St. John's has a custom that I believe to be rare among monasteries; they always invite a person from outside the monastic community to do the first reading at their Sunday Mass. This person also carries the great book of scriptures into the sanctuary, and leads the liturgical procession. At St. John's, this includes all the monks who are in residence, well over a hundred, who walk in, two by two. The liturgy director had tapped me for the first reading that Sunday, and warned that the procession would be even longer than usual, as the abbots of over twenty European monasteries were visiting and would follow the St. John's community down the aisle.
I succumbed to the temptations of a minor demon, who suggested that with all of the basic black in evidence, a touch of color would be appropriate. I wore a scarlet dress. And just before the service began, as I walked with the liturgy director from the sacristy to the head of the long line of monks, one of them, a good friend, winked at me and whispered, “A scarlet woman—we'll give those abbots something to talk about when they get home.”
Walking at the slow pace set by the liturgy director, I soon felt the astonishment that often comes to me during worship, whether I'm with the congregation of a little country church, or Benedictines in a magnificent monastery chapel. It is the wonder that I should be there at all. My faith was non-existent, or at least deeply submerged, for so long a time, but liturgy pulled me back. As so often happens, on this day worship reinforced my conviction that
only
Christ could have brought all of us together, in this place, doing such absurd but necessary things.

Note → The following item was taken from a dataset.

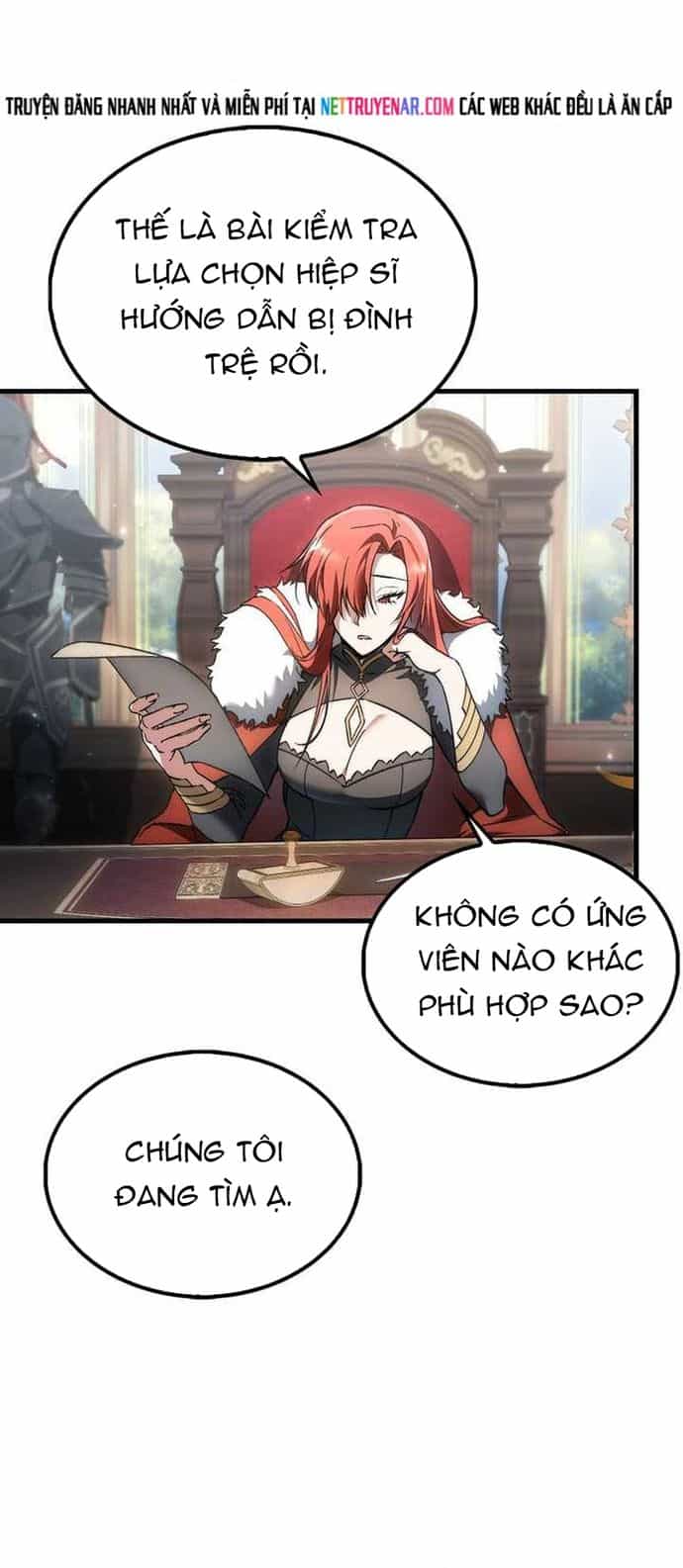 Đại Phản Diện Khao Khát Được Sống - Chương 45 - ảnh 37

My text that morning was from Isaiah and, as always, when I am granted the great privilege of reading him aloud in worship, I am grateful. Grateful that such poetry exists, that it tastes so good in the mouth, grateful that my messy, stormy life has led to this calm sea. Being a lector is a unique experience; it feels nothing like reading poems, my own or anyone else's, to an audience. And it's certainly not a performance; no emoting, or the monks would have my hide. The Liturgy of the Word is prayer. You pray the scriptures with, and for, the people assembled, and the words go out to them, touching them in ways only God can imagine. The words are all that matter, and you send them out as prayer, hoping to become invisible behind them.
The words on that first Sunday of Advent were from Isaiah 63: “Why do you let us wander, O God, from your ways, and harden our hearts so that we fear you not?” The passage is an honest rendering of the human condition, a desperate prayer for God's presence, a recognition that we fall apart, and our world falls apart, when God is absent from our hearts. Why
are
our hearts so hard? Can God rend them, like the heavens, and change us for the good?
The next day, when I had to fly to New York City, Isaiah proved a good traveling companion. He permeates the readings of early Advent, and as I walked in Manhattan, those words seemed to come to life before me: “The lofty city God . . . casts to the dust. The foot tramples it, the feet of the poor, the steps of the needy.” From a bus I glimpsed an old woman seated on layers of clothing on a patch of damp ground in front of the Plaza Hotel, an incarnation of Isaiah's judgment against another city: “Instead of perfume there shall be a stench . . . instead of beauty, shame. Your young men shall fall by the sword and your warriors in battle. And her gates shall lament and mourn; ravaged, she shall sit upon the ground.” Being in the city is good for my monastic soul. If anything, the desert monks' command to “pray without ceasing” seems easier there; the need is so obvious, so constant.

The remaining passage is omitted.